Australia's most wanted jobs: tech heads, health staff and plumbers

WITH people's hangovers and 2013 well and truly over, millions of Australians will be returning on Monday to jobs they hate

WITH people's hangovers and 2013 well and truly over, millions of Australians will be returning on Monday to jobs they hate.

Whether it is a bad boss, corrosive colleagues, boredom, stress or an epic commute, finding a new job is one of the top ten New Years resolutions.

"It's often you see people who are very well paid are seeking a career change because they are not satisfied," Broadspring Consulting director and HR expert Pam Macdonald said.

"I don't care how many zeros are at the end of your pay packet; if you're not satisfied and not enjoying it then it's not going to be good for you or your career. When it comes to making New Years resolutions, changing jobs is probably in the top 10."

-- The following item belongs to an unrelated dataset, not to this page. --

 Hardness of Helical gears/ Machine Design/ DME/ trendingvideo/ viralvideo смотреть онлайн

Despite the unemployment rate expected to hit 6.25 per cent in 2014-2015, according to the Midyear Economic and Fiscal Outlook, there will be more than 1 million people changing jobs this year.

Here are the hottest:


Plumbing Trades Employees Union Paddy McCrudden has little sympathy for plumbers out of work.

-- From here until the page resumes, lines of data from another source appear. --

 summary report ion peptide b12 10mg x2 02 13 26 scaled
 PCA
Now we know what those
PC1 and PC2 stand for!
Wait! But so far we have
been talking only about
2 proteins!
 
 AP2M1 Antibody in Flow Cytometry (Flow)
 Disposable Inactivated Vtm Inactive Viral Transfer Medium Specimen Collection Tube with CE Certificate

"If you are unemployed as a plumber in Australia there must be something wrong; you've either got a bad work ethic or are charging too much," he says.

"There is always work out there for a plumber."

Mr McCrudden said plumbers are fast becoming the dad's army of the Australian workforce, with an average age of 55 (the workforce average is 39).

He also estimates one in ten plumbers are foreigners, a sign that the work is there but there is not enough workers.

Sydney plumber Luke Milne, 24, said he has only taken Christmas Day and Boxing Day off this year because he has been "flat out".

The LPZ Plumbing Services owner has been riding the wave of renovations that continues to wash over the Sydney housing market.

Being a specialist in bathrooms renovations and fit outs, he has been cashing in.

"In the past year we have done a lot of emergency and call out work, but in 2014 bathroom renovations will the biggest thing," he said.

"There might be a little down time during the end of the financial year, but apart from that we will be working all the way through."

Mr Milne said plumbers in Sydney can never be short of work as long as they are savvy with their marketing and promotion.

"People are always going to need water so there is always going to be work out there," he said.